I didn't know ICO existed until maybe 2005 (from the Thumbs board, actually), didn't buy it until like 2007 since I made sure to import the PAL version and have a PS2 that swapped discs ahead of time, where then my life was too hectic to make my way through to game from start to end. I guess I didn't realize it was so short either, otherwise I could have easily spent an afternoon on it years ago. But I resold that version ASAP on Ebay when I heard the European version was going to be in the HD collection, and made way more money than I figured (it had those art cards). Finally I bought the HD collection on Amazon during Black Friday last year and started only just now after rebuying a PS3 since mine bit the dust last February. A lot of weird delays I can't exactly explain to get to ICO and Shadow of the Colossus.

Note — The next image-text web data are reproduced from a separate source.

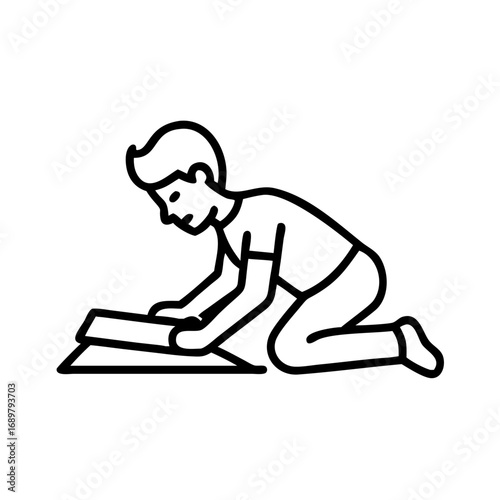 Young man laying laminate flooring, focused mood

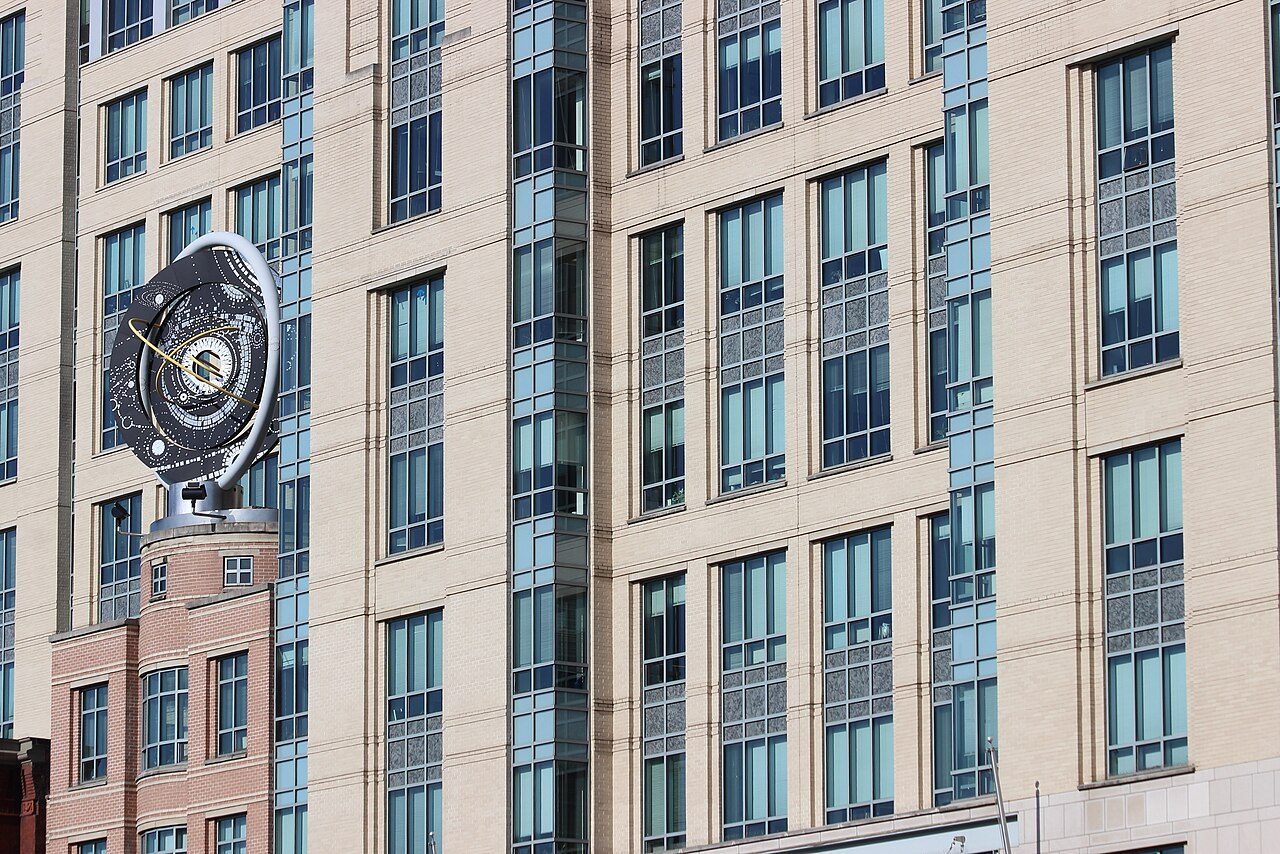 Fassade mit astronomischer Skulptur als ruhiges, ruhendes Gegenbild zur Bewegung der Daten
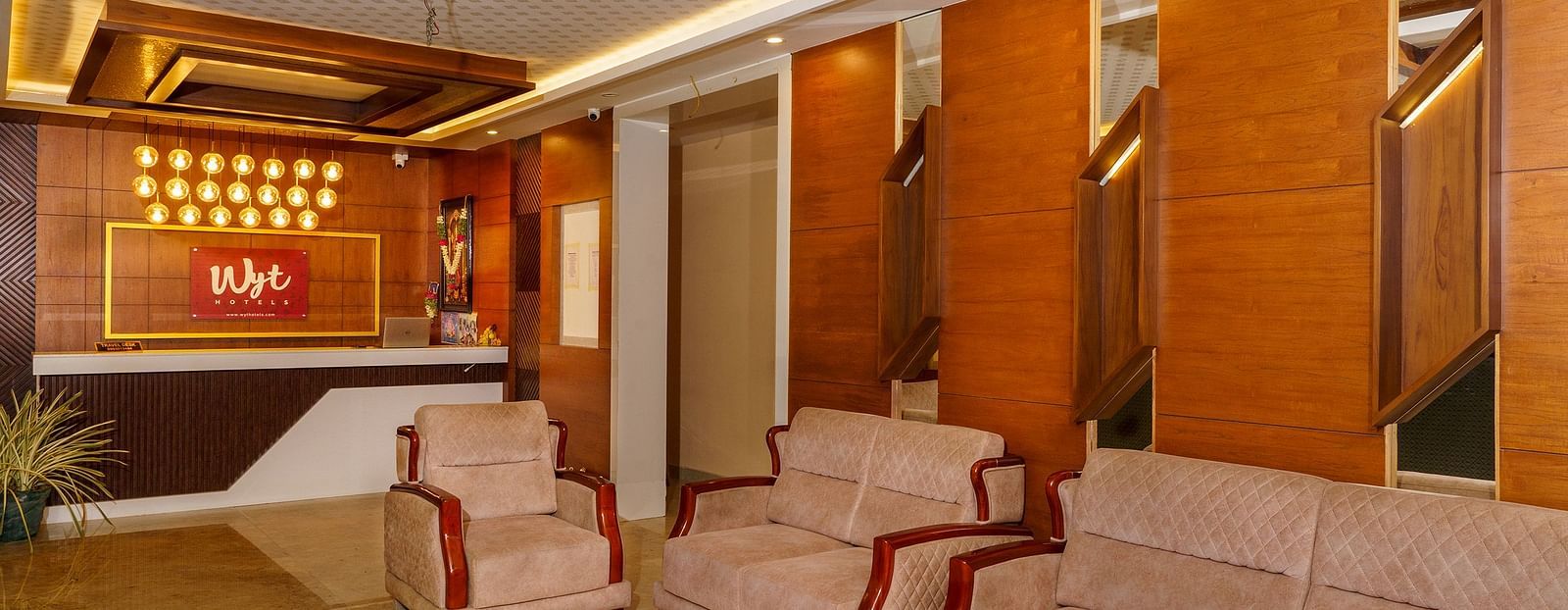 Side view of lobby with sofas at Wyt Hotels, Rameswaram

So in that vein, ICO has suffered majorly through time in my eyes. I've now played enough games where they have taken ICO's tropes and made them better (I didn't even realize Sands of Time was using so much from ICO), and I feel I am left with a broken subpar game experience. I appreciate everything ICO did and I do enjoy the story, characters, graphics, music, and atmopshere, but in the gameplay department there's only like two puzzles I felt like I haven't done before in a platformer. The bad controls all around, Yorda's horrible AI, and the impossibly boring fighting were just making the game tedious to slog through. So when others say they beat ICO in the same day, I would do an hour or two spurt and turn the game off for the next night, even though I didn't need to.

So this is where I'm completely unfair to a game I know is/was great: I waited way too long. Maybe it would have been nice had they made the controls and game smoother in the HD collection instead of just prettier? I've played it twice so far, for the alternate ending, so it's pleasant enough, I just don't know if I would recommend it today like some other similar platformers that are older and I still enjoy. I'm trying to do that ridiculous under 2 hour speed run for the trophy right now, which isn't incredibly frustrating with saves, but I'm not there enough. Although, I'm a bit confused why the developers would have felt the last 25-50 minutes of the game (depending on how well you play) would be great if you could not save at all?

I read ahead on the time attack stuff and multiple playthroughs required to get everything in Shadow of the Colossus, so I don't even think I'm going to start that game until next year. Too many difficult and frustrating twitch games have come my way the last year and I think I'm going to just play some adventure games for the next few months so I can wind down a little bit. Maybe some easier games like Journey as well.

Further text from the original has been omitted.